##### Given data #####

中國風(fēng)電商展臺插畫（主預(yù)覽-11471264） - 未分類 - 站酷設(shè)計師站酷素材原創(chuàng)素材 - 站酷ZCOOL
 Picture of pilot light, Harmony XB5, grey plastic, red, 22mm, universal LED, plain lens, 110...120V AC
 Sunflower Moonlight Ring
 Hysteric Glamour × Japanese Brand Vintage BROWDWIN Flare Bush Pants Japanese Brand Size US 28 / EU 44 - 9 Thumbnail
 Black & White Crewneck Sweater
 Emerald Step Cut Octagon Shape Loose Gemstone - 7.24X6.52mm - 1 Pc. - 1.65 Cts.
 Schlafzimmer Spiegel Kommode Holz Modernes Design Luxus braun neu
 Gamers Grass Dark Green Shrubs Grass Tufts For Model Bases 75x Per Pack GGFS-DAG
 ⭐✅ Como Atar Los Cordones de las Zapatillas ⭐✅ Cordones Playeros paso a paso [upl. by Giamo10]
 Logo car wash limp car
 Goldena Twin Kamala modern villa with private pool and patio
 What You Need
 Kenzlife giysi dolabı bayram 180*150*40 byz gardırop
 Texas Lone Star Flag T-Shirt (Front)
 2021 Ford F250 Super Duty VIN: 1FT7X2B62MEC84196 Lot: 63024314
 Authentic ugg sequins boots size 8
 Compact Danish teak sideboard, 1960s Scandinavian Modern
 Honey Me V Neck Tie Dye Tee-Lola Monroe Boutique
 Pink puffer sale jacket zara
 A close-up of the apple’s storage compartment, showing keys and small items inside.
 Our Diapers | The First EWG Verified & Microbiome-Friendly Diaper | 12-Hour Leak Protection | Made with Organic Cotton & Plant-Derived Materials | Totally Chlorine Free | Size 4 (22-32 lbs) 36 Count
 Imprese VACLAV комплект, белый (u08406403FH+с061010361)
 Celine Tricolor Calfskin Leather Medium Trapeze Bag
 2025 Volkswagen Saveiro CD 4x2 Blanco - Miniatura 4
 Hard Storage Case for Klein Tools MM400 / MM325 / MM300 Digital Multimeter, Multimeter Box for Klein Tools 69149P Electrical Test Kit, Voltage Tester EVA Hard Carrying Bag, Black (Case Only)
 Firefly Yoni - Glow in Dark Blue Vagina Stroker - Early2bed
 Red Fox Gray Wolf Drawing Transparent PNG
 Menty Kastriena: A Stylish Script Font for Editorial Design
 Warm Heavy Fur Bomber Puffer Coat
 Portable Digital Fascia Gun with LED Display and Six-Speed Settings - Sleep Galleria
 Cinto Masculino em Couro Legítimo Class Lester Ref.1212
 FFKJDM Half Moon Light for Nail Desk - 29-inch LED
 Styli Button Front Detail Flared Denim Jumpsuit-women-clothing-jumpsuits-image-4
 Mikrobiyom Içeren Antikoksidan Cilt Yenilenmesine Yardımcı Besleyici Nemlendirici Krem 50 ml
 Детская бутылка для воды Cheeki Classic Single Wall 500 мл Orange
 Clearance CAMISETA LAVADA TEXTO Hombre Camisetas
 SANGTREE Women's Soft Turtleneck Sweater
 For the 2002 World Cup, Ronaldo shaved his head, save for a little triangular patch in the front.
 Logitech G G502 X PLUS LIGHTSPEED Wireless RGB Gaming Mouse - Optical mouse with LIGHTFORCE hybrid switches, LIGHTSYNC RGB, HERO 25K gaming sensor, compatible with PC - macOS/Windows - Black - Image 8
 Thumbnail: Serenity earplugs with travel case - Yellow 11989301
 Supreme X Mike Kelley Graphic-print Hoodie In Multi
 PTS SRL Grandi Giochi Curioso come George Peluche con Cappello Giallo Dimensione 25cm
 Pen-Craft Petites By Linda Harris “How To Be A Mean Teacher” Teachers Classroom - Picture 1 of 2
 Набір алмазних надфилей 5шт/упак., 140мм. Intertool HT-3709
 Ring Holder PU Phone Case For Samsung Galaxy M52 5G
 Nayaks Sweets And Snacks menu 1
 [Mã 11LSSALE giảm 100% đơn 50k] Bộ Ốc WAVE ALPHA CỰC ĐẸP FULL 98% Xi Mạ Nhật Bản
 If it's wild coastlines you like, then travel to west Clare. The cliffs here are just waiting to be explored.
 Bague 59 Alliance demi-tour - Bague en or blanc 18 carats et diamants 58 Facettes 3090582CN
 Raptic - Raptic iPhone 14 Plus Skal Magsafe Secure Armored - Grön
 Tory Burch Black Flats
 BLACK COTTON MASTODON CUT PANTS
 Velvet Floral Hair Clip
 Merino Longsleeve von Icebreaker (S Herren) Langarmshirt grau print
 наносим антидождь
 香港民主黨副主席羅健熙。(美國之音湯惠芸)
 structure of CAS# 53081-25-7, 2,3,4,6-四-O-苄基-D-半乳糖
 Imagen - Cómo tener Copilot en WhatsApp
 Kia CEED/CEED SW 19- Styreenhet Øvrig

#####

Task goal:
Every line above from the line with "FFKJDM Half Moon" to the line with "SANGTREE Women's Soft Turtleneck Sweater", both included, must be reproduced exactly, and no other line may appear.

Response:
 FFKJDM Half Moon Light for Nail Desk - 29-inch LED
 Styli Button Front Detail Flared Denim Jumpsuit-women-clothing-jumpsuits-image-4
 Mikrobiyom Içeren Antikoksidan Cilt Yenilenmesine Yardımcı Besleyici Nemlendirici Krem 50 ml
 Детская бутылка для воды Cheeki Classic Single Wall 500 мл Orange
 Clearance CAMISETA LAVADA TEXTO Hombre Camisetas
 SANGTREE Women's Soft Turtleneck Sweater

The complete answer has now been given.